## Provided entries

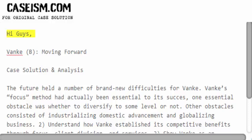Hi guys! Vanky — moving forward: case solution and analysis.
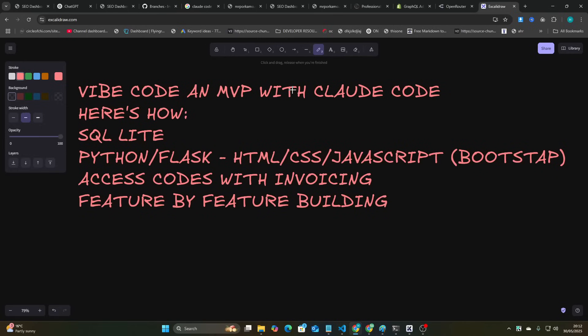Hey guys, I'm going to give you my guide to Vibe Coding and MVP with Claude Code. You can basically make anything with this, however I'm going to be focusing on more of like a SaaS MVP for this video.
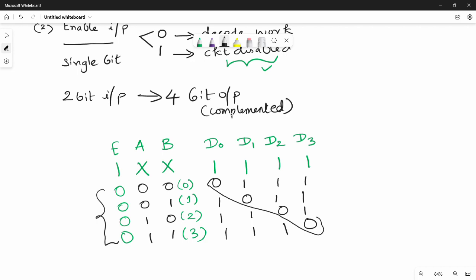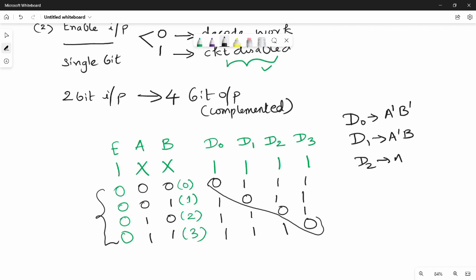Now we have equations for the complemented outputs. D0-complement equals Āb̄. D1-complement equals Āb. D2-complement equals Ab̄. D3-complement equals AB. If you look at this diagram, there is an additional enable input. The diagram is in the book. Let's implement a binary combination circuit using a decoder.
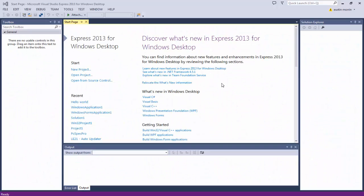Hey, what is up guys, it's the Ghost Hacker here and today we are going to be doing a new series on Visual Basic 2013. This is the Express Edition, but it doesn't really matter which one you download. You can download this for free from Microsoft.com, and if you're watching this video you probably already have it and want to know how to use it.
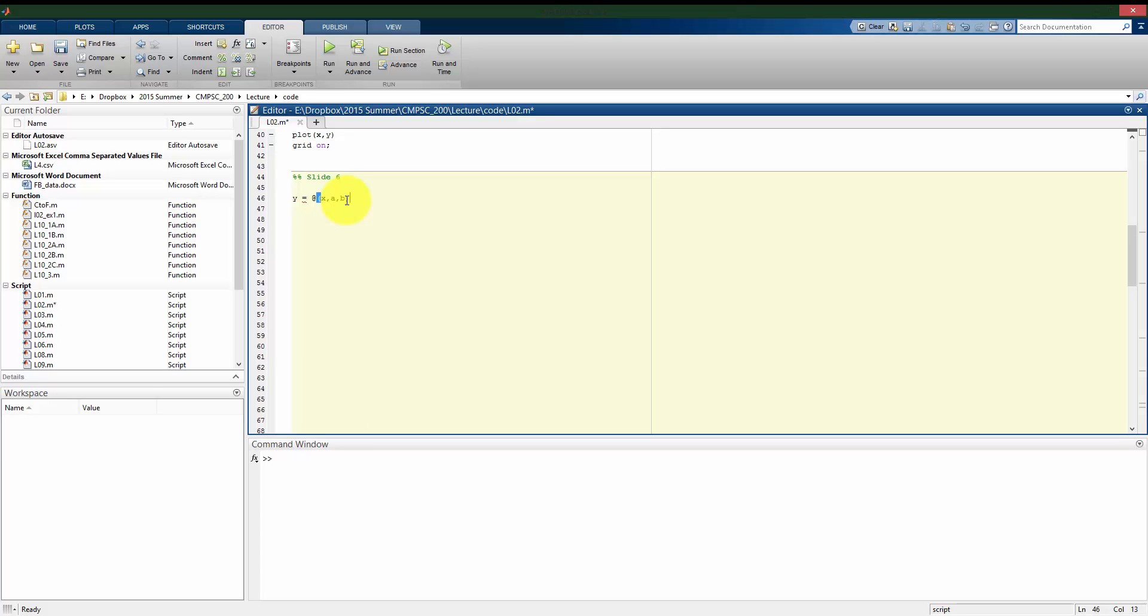In this case, we'll have three arguments, t, a, and b, that it takes. The order doesn't matter that I put these in, except that later when I use my function, I will have to use the same order that my first argument is t, my second is a, and my third will be b.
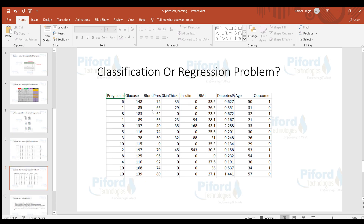In this dataset we have an outcome column where the output is either one or zero — meaning on the basis of features like pregnancies, glucose, blood pressure, skin thickness, insulin, and BMI, we want to predict whether a person is diabetic or not. This is a classification problem because we have two fixed classes and the output will be one of them.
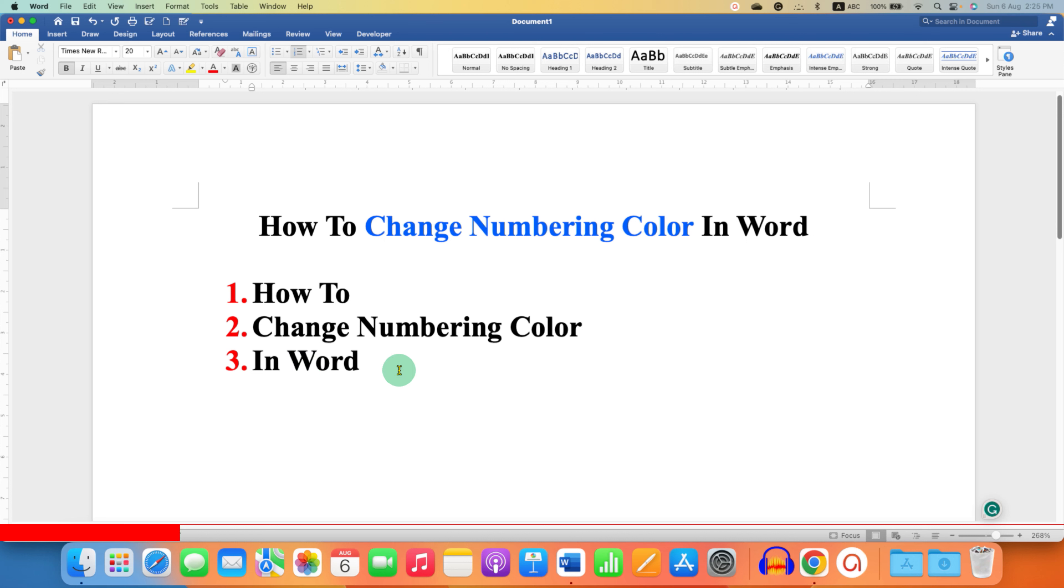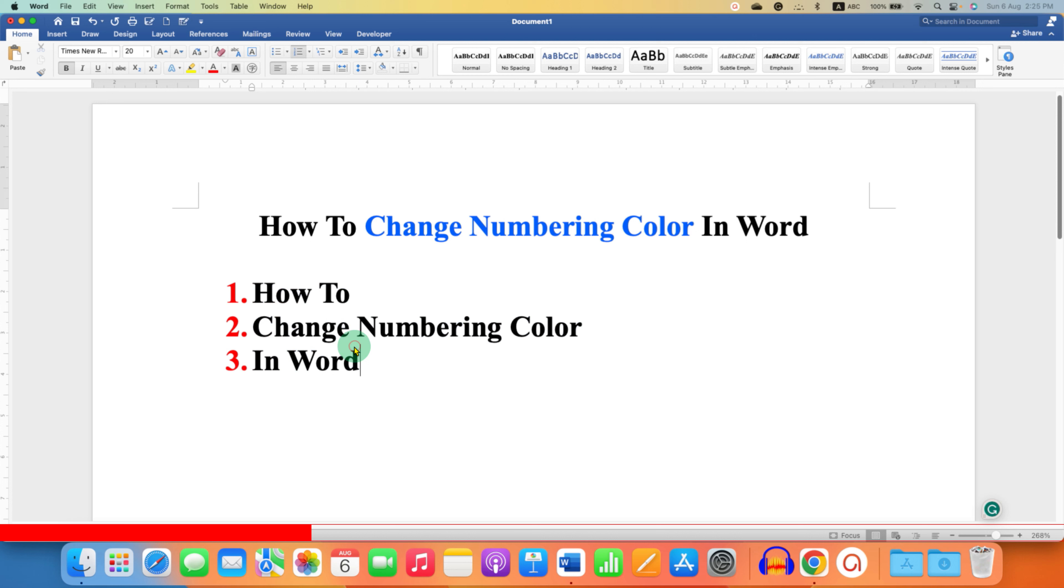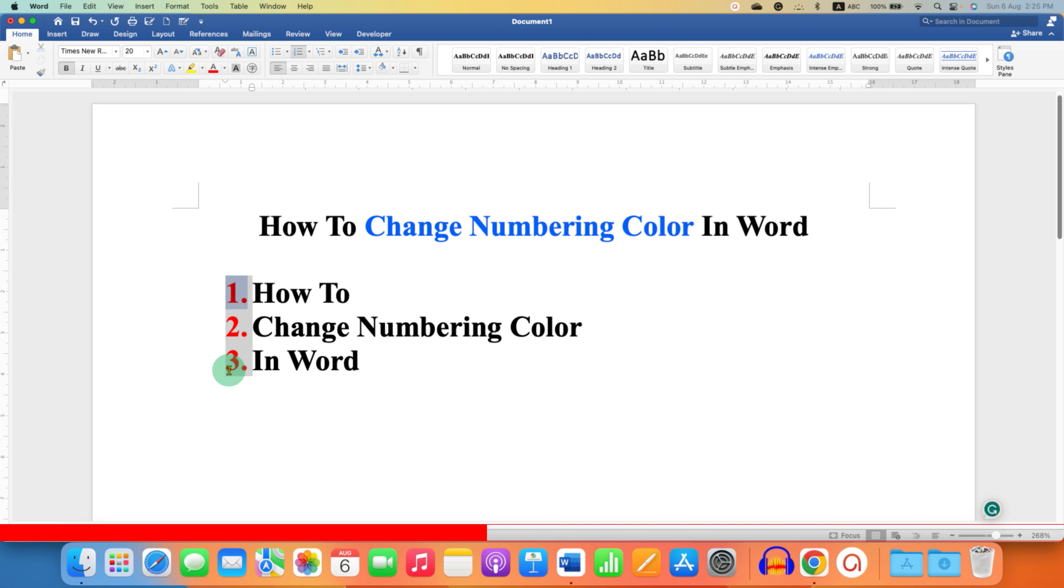What you need to do is first select the numbering and not the text next to it. Instead of selecting like this, just click on the number and you will see this gray background. This gray background tells you that you have selected only the numbering and not the text.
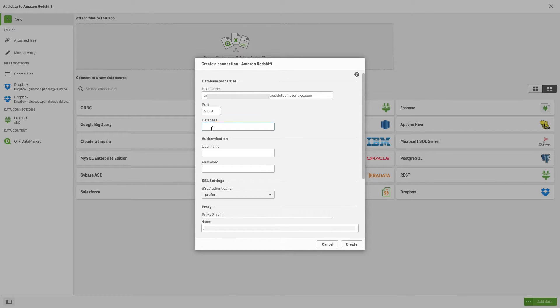Enter the name of the Amazon Redshift database you want to access. Enter the username and password for the database.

## What you are asked to do
Excluding every picture, write out each record word for word.

## Output of the task
Hi guys! Vanky — moving forward: case solution and analysis.
Hey guys, I'm going to give you my guide to Vibe Coding and MVP with Claude Code. You can basically make anything with this, however I'm going to be focusing on more of like a SaaS MVP for this video.
Now we have equations for the complemented outputs. D0-complement equals Āb̄. D1-complement equals Āb. D2-complement equals Ab̄. D3-complement equals AB. If you look at this diagram, there is an additional enable input. The diagram is in the book. Let's implement a binary combination circuit using a decoder.
Hey, what is up guys, it's the Ghost Hacker here and today we are going to be doing a new series on Visual Basic 2013. This is the Express Edition, but it doesn't really matter which one you download. You can download this for free from Microsoft.com, and if you're watching this video you probably already have it and want to know how to use it.
In this case, we'll have three arguments, t, a, and b, that it takes. The order doesn't matter that I put these in, except that later when I use my function, I will have to use the same order that my first argument is t, my second is a, and my third will be b.
In this dataset we have an outcome column where the output is either one or zero — meaning on the basis of features like pregnancies, glucose, blood pressure, skin thickness, insulin, and BMI, we want to predict whether a person is diabetic or not. This is a classification problem because we have two fixed classes and the output will be one of them.
What you need to do is first select the numbering and not the text next to it. Instead of selecting like this, just click on the number and you will see this gray background. This gray background tells you that you have selected only the numbering and not the text.
Enter the name of the Amazon Redshift database you want to access. Enter the username and password for the database.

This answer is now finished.